Wednesday, August 12, 2009

Kierkegaard's Reflective Sorrow

I want to write something to those who've been burned... I will start out with a quote from a philosopher I've been reading and relate it back to love/ reflective sorrow.

"If someone possessed a letter which he knew or believed contained information concerning what he had to consider his life's blessedness, but the written characters were thin and faded, the handwriting almost illegible, he would read it and reread it, with anxiety and disquiet certainly, but with passion. At one moment he would get one meaning out of it, the next another. When he was quite sure he had managed to read a word, he would interpret everything in the light of that word. But he would never pass beyond the same uncertainty with which he began. He would stare, more and more anxiously, but the more he stared the less he saw; sometimes his eyes filled with tears, but the more that happened, again the less he saw. In due course the writing became weaker and less distinct; finally the paper itself crumbled away and he had nothing left but eyes blinded with tears" (Either/Or, 187)
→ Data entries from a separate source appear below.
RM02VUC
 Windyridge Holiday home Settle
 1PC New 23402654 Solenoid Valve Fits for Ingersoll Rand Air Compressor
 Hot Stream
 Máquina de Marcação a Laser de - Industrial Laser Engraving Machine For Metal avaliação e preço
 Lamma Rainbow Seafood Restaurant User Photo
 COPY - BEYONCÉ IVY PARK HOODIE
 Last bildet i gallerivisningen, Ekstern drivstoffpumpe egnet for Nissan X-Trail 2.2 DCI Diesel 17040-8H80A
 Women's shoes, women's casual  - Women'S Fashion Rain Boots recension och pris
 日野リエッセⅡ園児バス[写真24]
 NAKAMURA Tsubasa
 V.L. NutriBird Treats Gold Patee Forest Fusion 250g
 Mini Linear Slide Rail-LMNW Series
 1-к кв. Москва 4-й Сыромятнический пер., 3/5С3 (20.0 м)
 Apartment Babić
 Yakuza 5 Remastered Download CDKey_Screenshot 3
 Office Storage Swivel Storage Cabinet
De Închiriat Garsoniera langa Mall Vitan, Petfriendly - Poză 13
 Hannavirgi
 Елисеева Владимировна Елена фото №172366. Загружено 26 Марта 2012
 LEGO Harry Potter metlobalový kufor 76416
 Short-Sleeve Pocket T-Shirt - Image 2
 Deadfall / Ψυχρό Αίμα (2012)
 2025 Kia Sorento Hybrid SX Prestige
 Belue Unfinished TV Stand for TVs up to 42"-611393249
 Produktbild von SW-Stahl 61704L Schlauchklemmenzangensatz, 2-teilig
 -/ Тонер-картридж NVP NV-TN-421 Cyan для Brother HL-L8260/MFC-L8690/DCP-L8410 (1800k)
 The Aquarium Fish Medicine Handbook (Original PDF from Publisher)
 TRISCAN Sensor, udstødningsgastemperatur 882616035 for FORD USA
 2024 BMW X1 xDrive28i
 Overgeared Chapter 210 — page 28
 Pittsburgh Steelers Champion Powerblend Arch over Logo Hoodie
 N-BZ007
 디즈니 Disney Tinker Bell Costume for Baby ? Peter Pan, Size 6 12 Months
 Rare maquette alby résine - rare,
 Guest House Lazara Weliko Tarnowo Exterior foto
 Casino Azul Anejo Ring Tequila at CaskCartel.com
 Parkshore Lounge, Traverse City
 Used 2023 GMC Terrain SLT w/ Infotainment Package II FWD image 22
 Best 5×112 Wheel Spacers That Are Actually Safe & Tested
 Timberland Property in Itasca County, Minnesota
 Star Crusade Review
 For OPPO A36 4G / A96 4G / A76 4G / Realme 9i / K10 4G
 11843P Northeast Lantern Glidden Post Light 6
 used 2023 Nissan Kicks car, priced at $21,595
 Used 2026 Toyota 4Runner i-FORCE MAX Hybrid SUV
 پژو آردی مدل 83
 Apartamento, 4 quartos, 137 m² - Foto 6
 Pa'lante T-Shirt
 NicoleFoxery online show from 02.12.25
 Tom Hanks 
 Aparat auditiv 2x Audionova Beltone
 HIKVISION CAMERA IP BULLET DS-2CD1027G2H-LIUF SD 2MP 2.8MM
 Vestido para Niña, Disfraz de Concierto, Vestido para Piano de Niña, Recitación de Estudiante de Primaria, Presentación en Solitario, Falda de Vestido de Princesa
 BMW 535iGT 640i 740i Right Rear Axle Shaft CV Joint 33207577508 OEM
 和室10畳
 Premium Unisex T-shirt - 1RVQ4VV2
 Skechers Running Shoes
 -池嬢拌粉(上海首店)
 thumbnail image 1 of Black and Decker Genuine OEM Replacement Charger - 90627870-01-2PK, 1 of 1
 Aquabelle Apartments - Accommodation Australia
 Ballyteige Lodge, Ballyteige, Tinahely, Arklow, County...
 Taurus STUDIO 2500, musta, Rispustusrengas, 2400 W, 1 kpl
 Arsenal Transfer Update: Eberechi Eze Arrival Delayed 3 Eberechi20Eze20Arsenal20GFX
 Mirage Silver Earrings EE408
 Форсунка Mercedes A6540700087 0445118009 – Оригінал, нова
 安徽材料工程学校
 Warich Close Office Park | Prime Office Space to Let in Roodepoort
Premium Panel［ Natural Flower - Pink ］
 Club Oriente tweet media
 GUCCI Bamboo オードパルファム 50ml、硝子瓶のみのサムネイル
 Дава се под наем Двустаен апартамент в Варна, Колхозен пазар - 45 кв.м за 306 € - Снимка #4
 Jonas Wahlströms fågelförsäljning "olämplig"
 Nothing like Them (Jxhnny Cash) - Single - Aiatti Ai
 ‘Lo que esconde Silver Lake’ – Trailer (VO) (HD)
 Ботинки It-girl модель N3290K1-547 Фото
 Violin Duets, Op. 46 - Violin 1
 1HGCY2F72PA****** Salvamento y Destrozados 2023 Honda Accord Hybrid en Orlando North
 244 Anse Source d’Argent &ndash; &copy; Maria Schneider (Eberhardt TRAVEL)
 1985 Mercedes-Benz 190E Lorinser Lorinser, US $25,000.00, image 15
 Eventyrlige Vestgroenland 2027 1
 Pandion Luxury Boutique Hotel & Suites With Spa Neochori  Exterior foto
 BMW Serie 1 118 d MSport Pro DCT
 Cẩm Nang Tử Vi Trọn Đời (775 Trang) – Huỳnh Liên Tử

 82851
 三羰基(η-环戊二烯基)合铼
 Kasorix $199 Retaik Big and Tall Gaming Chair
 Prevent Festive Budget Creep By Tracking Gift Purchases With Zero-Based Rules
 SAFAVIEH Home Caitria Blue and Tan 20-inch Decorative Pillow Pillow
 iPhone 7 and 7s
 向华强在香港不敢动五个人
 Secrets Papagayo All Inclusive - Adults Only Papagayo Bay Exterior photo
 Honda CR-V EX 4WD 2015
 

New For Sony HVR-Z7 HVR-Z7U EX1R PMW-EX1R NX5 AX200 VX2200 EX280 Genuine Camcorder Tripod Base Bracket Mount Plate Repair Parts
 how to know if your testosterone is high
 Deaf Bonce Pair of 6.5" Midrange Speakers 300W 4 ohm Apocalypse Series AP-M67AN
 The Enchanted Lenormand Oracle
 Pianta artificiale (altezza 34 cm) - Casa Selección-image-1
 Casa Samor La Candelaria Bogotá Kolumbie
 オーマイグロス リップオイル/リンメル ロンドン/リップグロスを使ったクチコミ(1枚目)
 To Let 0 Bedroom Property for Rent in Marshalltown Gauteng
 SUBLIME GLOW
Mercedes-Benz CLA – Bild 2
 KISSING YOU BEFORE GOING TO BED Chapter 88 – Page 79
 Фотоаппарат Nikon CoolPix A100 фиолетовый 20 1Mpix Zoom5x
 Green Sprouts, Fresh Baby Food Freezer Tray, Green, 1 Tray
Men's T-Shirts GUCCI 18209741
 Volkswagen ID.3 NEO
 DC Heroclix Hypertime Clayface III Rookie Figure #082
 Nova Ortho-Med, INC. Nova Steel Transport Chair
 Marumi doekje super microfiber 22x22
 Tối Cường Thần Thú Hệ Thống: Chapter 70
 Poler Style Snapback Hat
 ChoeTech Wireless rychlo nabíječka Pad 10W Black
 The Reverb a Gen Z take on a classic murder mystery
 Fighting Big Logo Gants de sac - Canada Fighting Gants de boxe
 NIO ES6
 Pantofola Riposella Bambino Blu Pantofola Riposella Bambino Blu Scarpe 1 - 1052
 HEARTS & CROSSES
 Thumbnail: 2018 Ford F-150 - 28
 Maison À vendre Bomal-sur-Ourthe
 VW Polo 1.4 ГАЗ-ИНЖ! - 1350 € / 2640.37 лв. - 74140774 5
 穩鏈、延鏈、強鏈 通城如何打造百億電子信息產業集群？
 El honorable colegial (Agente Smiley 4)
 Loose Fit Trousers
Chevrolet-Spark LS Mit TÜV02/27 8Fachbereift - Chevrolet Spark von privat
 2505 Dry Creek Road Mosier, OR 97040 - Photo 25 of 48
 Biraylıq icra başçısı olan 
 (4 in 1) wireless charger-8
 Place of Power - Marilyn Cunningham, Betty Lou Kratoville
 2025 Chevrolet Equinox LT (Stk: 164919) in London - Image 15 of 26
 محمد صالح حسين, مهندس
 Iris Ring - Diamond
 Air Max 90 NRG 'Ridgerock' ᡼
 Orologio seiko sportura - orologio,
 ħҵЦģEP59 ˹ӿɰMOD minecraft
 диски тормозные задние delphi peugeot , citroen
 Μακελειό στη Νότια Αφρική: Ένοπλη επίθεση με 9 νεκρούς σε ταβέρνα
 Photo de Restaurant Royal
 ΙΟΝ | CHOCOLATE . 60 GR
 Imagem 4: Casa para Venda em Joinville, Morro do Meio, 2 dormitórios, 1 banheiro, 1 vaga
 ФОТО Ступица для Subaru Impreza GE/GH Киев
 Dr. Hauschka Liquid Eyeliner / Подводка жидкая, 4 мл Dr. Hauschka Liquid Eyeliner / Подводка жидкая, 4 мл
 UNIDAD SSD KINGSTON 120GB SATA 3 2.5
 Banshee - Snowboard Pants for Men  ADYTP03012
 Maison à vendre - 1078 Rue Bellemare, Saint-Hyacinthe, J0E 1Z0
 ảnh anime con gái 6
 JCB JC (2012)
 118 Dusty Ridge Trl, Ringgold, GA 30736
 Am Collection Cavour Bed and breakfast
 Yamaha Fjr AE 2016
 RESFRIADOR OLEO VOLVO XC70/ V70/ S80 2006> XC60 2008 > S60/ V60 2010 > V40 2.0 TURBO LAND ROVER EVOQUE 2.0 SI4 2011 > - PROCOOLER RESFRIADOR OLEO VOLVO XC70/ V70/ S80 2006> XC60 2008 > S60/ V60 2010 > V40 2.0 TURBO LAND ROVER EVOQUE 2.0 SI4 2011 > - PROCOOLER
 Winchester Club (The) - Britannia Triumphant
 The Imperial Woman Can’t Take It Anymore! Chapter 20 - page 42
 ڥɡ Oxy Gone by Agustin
For Kierkegaard, this is the perfect analogy for uncertainty that comes from love. The moment a person falls in love, they've gained meaning... but the moment they start to question whether this love is wholly reciprocated, this meaning can wane. Think of a time where you've had a crush, but they ignored your hints.... if a person meant everything to you, but they told you they could never be with you...

At first, its easiest to channel pain into hatred. Hatred that they deceived you in the love... to hell with them. And it might be the reaction that your friends try and create even if the situation is ambiguous. Why? Because you're in pain... the ambiguity is torture, and so instead of reassuring you in this pain, they condemn this person as a despicable... telling you that you're better than them, that you don't need them.

But this reassurance is the facade you must stand by. You have to be strong around your friends because that's what they've come to expect you are. You're doing okay... you're having fun with them, so you must have moved on, and forgotten whoever you may have loved.

However, ambiguity never leaves you internally, no matter what facade you have on externally. As Kierkegaard would say, "When a possibility is broken off, the instantaneous pain may not be... great, but then it often leaves one or another small ligament whole and unharmed, which becomes a constant source of continued suffering" (179). What you constantly entertain is every single new possibility... every account that this person could actually love you... every account that they never loved you in the first place. Every verdict is given on each side, but no case is decided on...

Sorrow is left in the ambiguity that reflection perpetuates... and continually perpetuates... The first stance held... the liberation from the very thought of this person (the deceit for this person that was first entertained) is lost in this reflection... in the ambiguity that will never comfort. And the more that it is emoted... the more that it is felt, the less a person is reminded of why they are in sorrow in the first place. For the man who desperately wanted to configure the contents of that letter initially found that the "...writing became weaker and less distinct" until "...finally the paper itself crumbled away and he had nothing left but eyes blinded with tears" The very object of what perpetuated the sorrow disappears.. and before you know it, you are pained by what you can't name... an object that you will continually search for.

...

Have you ever been in internal anguish without any sight of what could cause it? Its binding... because people expect you to be all right... to be a person they recognize... but internally, you're in pain and you have no idea why. You can't name the object of your sorrows... just that you are bound to the sorrow. And so you entertain every idea of why you might be sad. You're neurotic... you're having a bad day... No one understands you/ is pressuring you... there has to be an answer! But, what I get from Kierkegaard in these few lines... is that in entertaining these ideas, you're only blinding yourself from something that never had a clear answer in the first place.

But this isn't something that by will a person can stop... this isn't mediated reflection... it is an emotion that conflates these ideas... and so you form a spiral... a spiral that can last for years (for me it lasted three years up until midway through my freshmen year of college)... mine wasn't about love but it produced the same bind that ambiguous love can create. I would have mental as well as physical breakdowns where I would drop to the ground and bawl without any idea of why I was bawling. And just as I couldn't figure out what caused these breakdowns, I also couldn't figure out how I got over them.

One day... I got up... and I was okay again.

I guess I type this not as a biographical sketch but more as a reflective and therapeutic philosophy. Maybe if I had read Kierkegaard earlier, I would have at least understood myself a bit better. Anyways, I can't really say whether this entry would be helpful to anyone (or rather, if anyone would actually read this) but I just wanted to give it a try.

1 comment:

  1. Mike I read it. I read the whole thing. You are very very intelligent and it shines though in your writing. i know what you mean about the breakdowns. Been there and I think most people have, and if no will. it is natural to freaky out and not know the reason why. This world is crazy and hard to grasp. And by the way the children i nanny for are in front of the TV now... it is my last day and as the "cool" nanny i told them they could do anything they wanted to do... any thing, and what do they want to do? Watch TV. How sad is that?